Chegado o momento, lá está o sol, um profissional disciplinado, descendo no horário combinado e que foi confirmado no Borda D'Água. E nós, um grupo de humanos emocionados, munidos de telemóveis erguidos como oferendas tecnológicas ao astro-rei. Mentalmente solta-se um “Uau!” a cada cinco segundos, como se o sol precisasse de incentivo: “Força, estás quase a pôr-te!”
E há sempre o fotógrafo de um grupo — aquele que insiste em dizer: “Não se mexam, está perfeito!” — segundos antes de perceber que o dedo tapou a lente. Enquanto isso, os casais trocam olhares melosos, os solteiros fingem contemplar o horizonte com profundidade filosófica e as gaivotas passam no momento exato em que o sol toca o mar, apenas para estragar o vídeo com um grito estridente.
Mas o verdadeiro espetáculo começa depois: o instante em que o sol desaparece e todos fingem que não estão desiludidos. Porque, sejamos sinceros, esperávamos mais — talvez uma salva de palmas cósmica, um clarão final, ou pelo menos um aplauso coletivo. Em vez disso, resta o crepúsculo e um friozinho desconfortável. Não há encore.

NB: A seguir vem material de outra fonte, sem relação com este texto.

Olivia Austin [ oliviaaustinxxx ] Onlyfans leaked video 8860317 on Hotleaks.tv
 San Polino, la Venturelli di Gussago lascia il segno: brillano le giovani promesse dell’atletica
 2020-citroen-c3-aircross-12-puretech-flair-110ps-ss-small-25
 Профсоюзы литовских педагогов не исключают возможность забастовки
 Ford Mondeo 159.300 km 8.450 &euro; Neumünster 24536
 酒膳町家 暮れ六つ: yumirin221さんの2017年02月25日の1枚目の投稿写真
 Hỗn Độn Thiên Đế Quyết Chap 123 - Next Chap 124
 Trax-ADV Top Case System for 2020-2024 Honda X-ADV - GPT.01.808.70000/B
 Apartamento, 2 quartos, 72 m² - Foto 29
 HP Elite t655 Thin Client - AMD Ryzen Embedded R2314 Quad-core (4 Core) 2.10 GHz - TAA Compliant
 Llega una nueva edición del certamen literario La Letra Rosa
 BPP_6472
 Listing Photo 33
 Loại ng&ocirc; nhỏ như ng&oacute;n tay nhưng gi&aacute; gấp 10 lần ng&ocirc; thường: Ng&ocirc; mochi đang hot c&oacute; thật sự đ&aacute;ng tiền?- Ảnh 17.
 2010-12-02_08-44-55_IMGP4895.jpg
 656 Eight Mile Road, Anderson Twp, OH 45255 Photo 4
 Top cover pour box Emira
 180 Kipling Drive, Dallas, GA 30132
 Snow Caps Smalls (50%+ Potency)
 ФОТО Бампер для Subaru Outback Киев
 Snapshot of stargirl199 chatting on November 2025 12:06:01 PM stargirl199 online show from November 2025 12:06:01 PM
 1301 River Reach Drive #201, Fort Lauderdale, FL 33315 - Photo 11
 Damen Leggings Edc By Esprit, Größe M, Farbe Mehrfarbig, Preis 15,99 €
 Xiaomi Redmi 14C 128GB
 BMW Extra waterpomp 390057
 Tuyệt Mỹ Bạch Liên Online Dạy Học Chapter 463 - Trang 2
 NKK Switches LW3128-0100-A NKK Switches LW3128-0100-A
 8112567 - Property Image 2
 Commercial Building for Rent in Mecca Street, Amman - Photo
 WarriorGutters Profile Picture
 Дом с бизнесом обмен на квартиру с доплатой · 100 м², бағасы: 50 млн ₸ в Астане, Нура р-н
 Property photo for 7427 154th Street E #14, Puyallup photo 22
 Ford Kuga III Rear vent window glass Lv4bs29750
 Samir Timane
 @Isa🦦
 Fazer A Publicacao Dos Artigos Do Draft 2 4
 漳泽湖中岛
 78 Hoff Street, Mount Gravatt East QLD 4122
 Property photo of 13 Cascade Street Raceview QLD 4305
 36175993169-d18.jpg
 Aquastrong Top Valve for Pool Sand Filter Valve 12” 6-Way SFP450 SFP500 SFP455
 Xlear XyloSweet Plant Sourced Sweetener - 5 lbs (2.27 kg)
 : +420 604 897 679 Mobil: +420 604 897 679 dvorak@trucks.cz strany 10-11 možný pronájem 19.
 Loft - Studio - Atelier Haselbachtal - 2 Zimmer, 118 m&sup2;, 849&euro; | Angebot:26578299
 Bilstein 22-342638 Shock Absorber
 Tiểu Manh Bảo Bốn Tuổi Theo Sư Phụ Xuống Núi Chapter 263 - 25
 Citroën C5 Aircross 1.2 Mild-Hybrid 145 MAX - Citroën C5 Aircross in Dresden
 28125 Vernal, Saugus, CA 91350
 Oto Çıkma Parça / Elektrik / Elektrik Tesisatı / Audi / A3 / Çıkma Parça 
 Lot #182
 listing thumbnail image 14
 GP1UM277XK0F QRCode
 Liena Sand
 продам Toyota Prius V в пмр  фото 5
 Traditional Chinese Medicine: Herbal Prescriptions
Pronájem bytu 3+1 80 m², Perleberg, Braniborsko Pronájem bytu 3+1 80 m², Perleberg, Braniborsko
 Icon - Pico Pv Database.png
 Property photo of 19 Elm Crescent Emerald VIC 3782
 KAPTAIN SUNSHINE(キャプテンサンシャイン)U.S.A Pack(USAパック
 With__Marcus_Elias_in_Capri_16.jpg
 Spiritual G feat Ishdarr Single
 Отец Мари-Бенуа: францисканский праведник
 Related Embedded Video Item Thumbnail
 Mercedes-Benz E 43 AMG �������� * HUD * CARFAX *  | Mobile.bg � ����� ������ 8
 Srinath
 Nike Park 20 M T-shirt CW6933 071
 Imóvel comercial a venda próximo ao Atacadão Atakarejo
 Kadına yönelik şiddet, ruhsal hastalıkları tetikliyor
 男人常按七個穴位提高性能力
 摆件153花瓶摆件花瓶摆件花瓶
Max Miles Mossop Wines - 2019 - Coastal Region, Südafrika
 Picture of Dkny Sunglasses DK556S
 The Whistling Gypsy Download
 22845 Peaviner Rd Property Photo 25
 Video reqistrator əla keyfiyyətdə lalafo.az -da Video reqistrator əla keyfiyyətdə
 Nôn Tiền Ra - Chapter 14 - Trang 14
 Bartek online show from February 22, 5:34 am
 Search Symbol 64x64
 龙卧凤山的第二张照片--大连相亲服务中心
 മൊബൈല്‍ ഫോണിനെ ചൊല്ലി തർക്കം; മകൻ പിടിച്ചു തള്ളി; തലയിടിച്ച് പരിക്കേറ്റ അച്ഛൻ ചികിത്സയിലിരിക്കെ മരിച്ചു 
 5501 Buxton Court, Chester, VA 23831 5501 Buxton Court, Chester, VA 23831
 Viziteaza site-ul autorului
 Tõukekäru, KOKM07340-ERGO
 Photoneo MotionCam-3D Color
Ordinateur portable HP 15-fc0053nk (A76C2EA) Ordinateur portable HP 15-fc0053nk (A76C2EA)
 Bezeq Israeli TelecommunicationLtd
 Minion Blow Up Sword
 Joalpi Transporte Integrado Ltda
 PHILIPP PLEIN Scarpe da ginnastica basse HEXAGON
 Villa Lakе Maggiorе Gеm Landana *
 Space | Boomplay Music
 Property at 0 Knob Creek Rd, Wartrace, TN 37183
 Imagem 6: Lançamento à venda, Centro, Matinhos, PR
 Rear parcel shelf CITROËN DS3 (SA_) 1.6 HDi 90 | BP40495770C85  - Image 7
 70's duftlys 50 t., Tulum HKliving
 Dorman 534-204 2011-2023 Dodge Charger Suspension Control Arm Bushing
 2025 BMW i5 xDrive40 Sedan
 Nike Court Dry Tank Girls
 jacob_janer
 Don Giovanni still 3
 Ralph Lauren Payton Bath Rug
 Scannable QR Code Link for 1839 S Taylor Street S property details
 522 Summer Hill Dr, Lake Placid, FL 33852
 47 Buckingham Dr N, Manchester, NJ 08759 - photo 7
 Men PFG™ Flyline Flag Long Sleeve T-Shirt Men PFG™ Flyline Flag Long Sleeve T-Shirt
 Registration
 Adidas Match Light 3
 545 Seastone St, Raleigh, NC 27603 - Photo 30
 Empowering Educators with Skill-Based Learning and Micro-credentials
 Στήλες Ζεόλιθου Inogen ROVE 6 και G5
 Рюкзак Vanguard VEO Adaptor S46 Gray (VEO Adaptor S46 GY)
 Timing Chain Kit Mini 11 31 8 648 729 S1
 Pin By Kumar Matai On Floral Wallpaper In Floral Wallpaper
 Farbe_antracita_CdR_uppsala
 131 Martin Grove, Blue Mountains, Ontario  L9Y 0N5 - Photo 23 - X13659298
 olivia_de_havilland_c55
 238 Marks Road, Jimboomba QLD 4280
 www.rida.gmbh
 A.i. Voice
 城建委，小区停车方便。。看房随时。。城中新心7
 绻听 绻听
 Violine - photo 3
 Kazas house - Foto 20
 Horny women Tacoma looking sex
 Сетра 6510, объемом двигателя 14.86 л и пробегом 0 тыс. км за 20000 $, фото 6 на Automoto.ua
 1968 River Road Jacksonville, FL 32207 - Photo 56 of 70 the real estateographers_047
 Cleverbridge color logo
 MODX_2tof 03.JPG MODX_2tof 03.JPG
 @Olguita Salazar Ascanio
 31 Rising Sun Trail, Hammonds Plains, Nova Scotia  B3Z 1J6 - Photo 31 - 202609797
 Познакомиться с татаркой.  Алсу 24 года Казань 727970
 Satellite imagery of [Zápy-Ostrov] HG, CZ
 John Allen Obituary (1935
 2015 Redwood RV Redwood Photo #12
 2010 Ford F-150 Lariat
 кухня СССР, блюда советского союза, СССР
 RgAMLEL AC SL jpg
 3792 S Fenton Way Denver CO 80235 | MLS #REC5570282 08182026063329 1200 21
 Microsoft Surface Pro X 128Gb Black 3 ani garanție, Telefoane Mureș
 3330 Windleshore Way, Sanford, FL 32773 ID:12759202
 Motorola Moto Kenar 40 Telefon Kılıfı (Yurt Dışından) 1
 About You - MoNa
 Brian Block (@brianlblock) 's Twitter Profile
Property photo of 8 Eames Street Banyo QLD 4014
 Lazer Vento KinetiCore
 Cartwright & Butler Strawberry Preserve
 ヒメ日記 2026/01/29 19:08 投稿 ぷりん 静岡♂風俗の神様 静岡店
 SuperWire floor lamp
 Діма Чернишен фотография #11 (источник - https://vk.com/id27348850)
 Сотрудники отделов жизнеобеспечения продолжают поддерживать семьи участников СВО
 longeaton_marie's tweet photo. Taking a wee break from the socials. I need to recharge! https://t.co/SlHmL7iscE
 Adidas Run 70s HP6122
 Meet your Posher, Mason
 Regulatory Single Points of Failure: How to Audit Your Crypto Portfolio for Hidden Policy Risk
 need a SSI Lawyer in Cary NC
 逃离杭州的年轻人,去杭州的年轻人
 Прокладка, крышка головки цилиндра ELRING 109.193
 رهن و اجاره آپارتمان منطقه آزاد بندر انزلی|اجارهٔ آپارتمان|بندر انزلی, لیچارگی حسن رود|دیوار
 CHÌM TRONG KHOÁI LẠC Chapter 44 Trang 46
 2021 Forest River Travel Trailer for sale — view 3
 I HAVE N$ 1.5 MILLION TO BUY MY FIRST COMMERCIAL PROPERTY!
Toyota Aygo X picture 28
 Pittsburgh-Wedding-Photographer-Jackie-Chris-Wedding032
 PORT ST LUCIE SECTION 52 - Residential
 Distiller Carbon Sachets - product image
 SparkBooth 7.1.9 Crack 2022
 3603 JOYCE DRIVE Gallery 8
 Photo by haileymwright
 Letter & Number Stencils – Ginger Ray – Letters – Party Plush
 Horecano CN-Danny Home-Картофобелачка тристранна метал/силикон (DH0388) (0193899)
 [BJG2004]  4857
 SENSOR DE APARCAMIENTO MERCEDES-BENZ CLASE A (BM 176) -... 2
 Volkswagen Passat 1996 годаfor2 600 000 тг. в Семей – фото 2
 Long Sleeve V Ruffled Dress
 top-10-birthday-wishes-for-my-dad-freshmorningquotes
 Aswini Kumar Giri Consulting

E, no regresso, inevitavelmente, alguém diz: “Devíamos fazer isto mais vezes.” Mentira piedosa. O próximo pôr do sol será visto do sofá, refletido no écran da televisão durante o noticiário e ao sabor do calorzinho da lareira.
Mas não faz mal. A beleza do pôr do sol não está em vê-lo — está em sabermos que ele acontece todos os dias, quer estejamos lá ou não. E, com sorte, sem mosquitos.